The Human Rights Commission of Pakistan (HRCP) on Saturday called for addressing the ‘near-complete exclusion’ of women from top governance positions in the country.
The commission said in a statement that even though women constituted half the national population, there were only two women members in the federal cabinet, compared to 27 men. In the provincial governments too, women constituted only six per cent of cabinet members: four ministers out of a total of 64 across all provinces were women, it said. Not a single chief minister or governor is a woman.
This state of affairs is not limited to elected or political offices but extends to senior positions in the administration and bureaucracy. Women head only seven out of Pakistan’s 111 foreign missions. Since the country’s creation, only one woman has served as governor of the State Bank of Pakistan.
Out of five public banks – National Bank of Pakistan, Bank of Khyber, Bank of Punjab, First Women’s Bank and Sindh Bank, only one (First Women’s Bank) is headed by a woman. Out of 71 public universities, only six have women vice-chancellors. Out of these, four head women-only universities.

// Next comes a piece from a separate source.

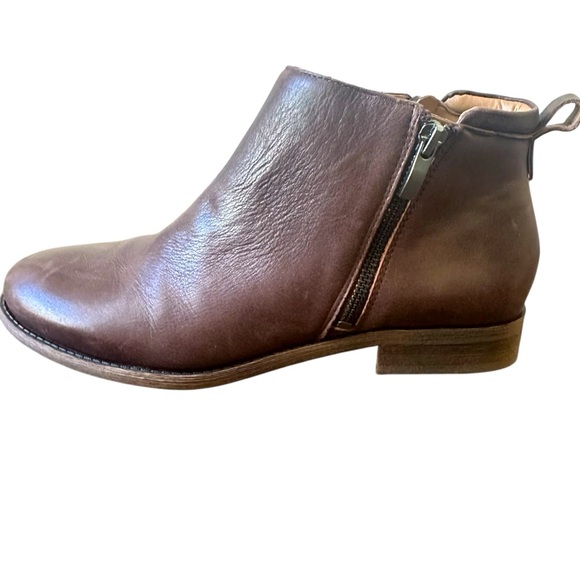 Franco Sarto Shoes - Franco Sarto Women’s Size 9.5 Ankle Booties Brown Leather with Side Zippers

The commission said a woman had never been Pakistan’s chief election commissioner and there were no female members of the election commission. “The examples of near-complete exclusion of women from top governance positions are far too numerous to be recounted here. This state of affairs in not a coincidence and demonstrates not just exclusion of women from important decision-making but also lack of effective measures to address under-representation of women in that respect,” the HRCP stated. The commission said that women continued to experience significant discrimination related to their participation in public and political life in most domains of the public sphere. “The reasons for the under-representation of women are multifaceted and complex.”
Published in The Express Tribune, March 6th, 2016.